Variance of sample mean in an autocorrelated stochastic process

Let X be a stochastic process with mean \mathbb{E}(X) = \mu, and variance \mathbb{V}(X) = \sigma^2 . Let X_1,..., X_n be an observed time series of X.

A good estimator for \mu is \overline{X}  = \sum_{i = 1}^{n} X_i . We know that if the observations are IID, \mathbb{V}(\overline{X}) = \frac{\sigma^2}{n}. However, if the observations are not IID, the variance will be larger – this is what I learned recently in Loucks (2005). The authors skipped some details of the book, so I worked them out. Below is a detailed proof.

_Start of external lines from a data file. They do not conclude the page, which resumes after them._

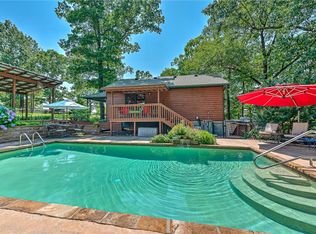 8092 Fain Dr, Rogers, AR 72756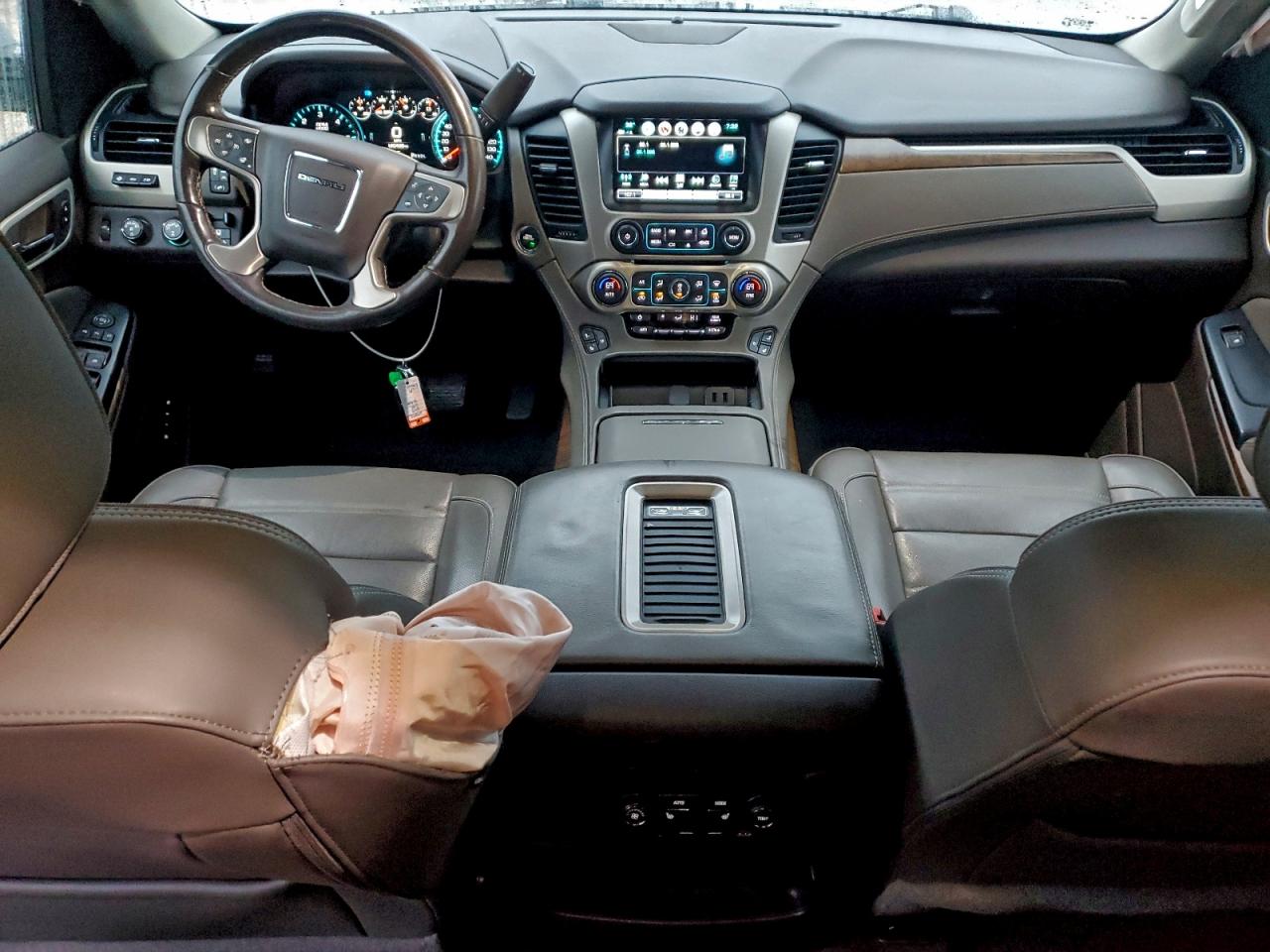 GMC Yukon Denali Image 6
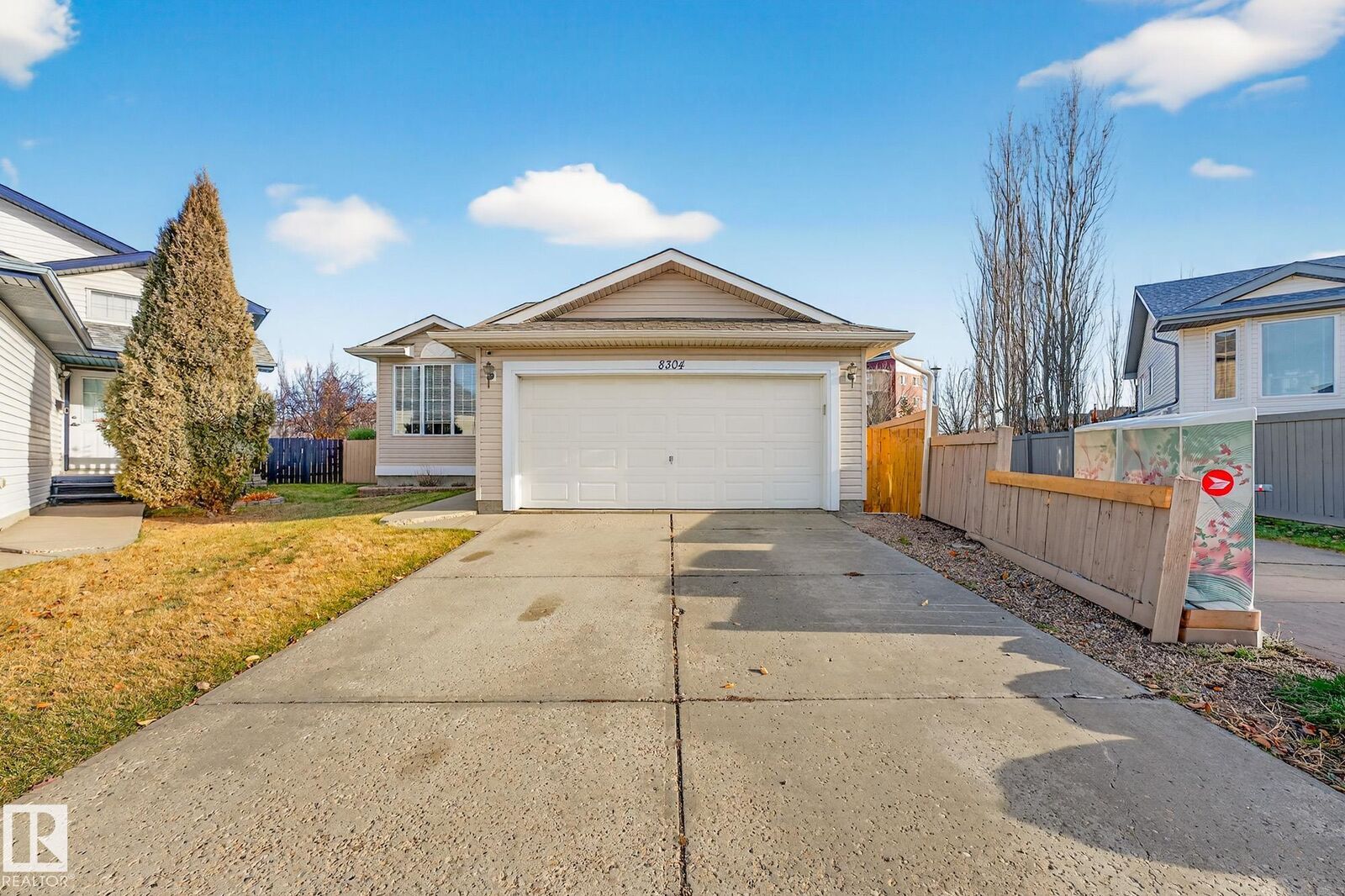 Photo de la propriété:  8304 170 Avenue NW  AB T5Z 3G8 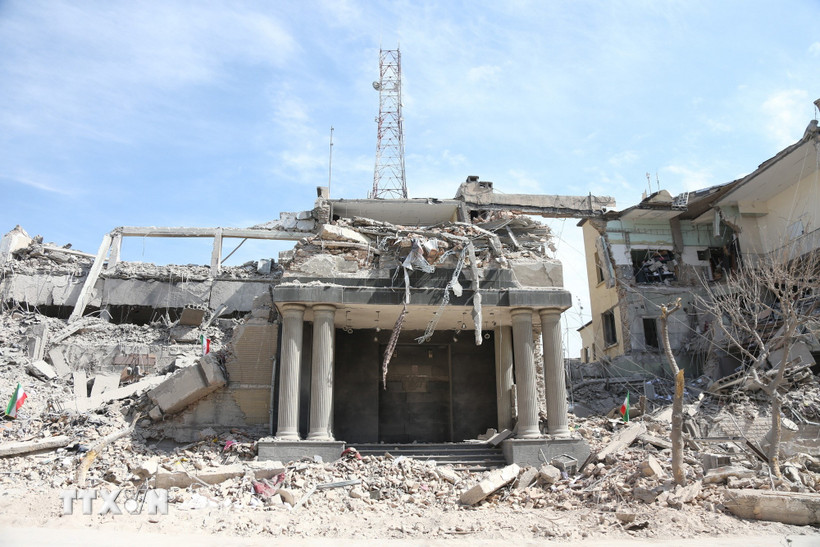 Những tòa nhà bị phá hủy sau các cuộc tập kích tại Tehran, Iran ngày 4/3/2026. (Ảnh: THX/TTXVN)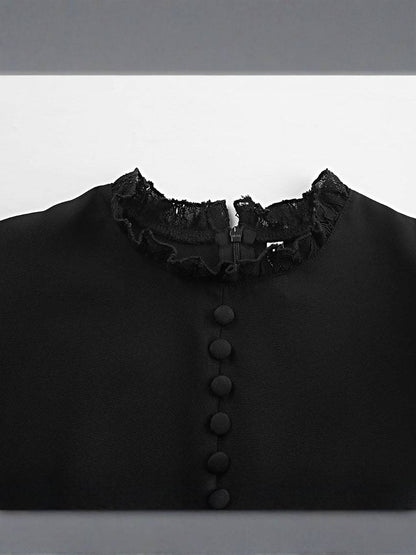 Spica | Robe noire courte à col rond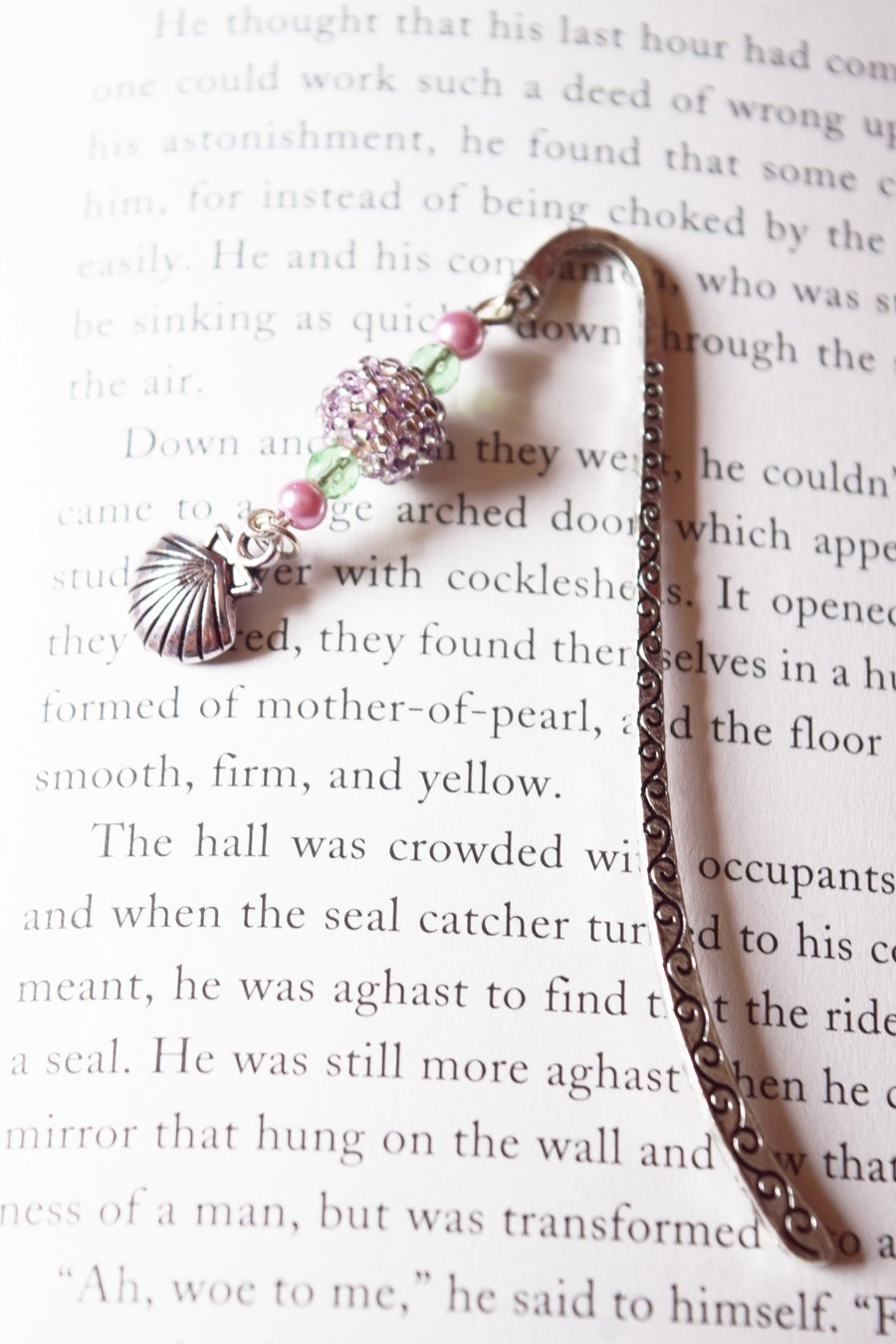 Pink Scallop Shell Charm Beaded Metal Shepherd's Hook Bookmark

\begin{aligned} \mathbb{V}(\overline{X}) &= \mathbb{E}\left((\overline{X}-\mu)^2\right) \\ &= \mathbb{E}(\overline{X}^2 - 2\mu\overline{X} + \mu^2)\\ &= \frac{1}{n^2} \mathbb{E} \left( \left(\sum_{i=1}^{n} X_i\right)^2 - 2n\mu\sum_{i=1}^{n}X_i + n^2\mu^2\right)\\ &= \frac{1}{n^2} \mathbb{E} \left( \left(\sum_{i=1}^{n} X_i\right)\left(\sum_{j=1}^{n} X_j\right) - 2\left(\sum_{i=1}^{n}X_i\right)\left(\sum_{j=1}^{n}\mu\right) + \sum_{i=1}^{n}\sum_{j=1}^{n}\mu^2\right)\\ &= \frac{1}{n^2}\mathbb{E}\left(\sum_{i=1}^{n}\sum_{j=1}^{n}X_iX_j - \mu X_i - \mu X_j + \mu^2 \right)\\ &= \frac{1}{n^2}\mathbb{E}\left(\sum_{i=1}^{n}\sum_{j=1}^{n}(X_i - \mu)(X_j - \mu)\right)\\ \end{aligned}

Now, on one hand, the summands where i = j can be grouped; on the other hand, note that when j \neq j, there is one summand for j > i and one summand for j < i. Therefore,

\displaystyle \mathbb{V}(\overline{X}) = \frac{1}{n^2}\mathbb{E}\left(n\sum_{i=1}^{n}(X_i - \mu)^2 + 2\sum_{i=1}^{n}\sum_{j=i+1}^{n}(X_i - \mu)(X_j - \mu)\right)           (1)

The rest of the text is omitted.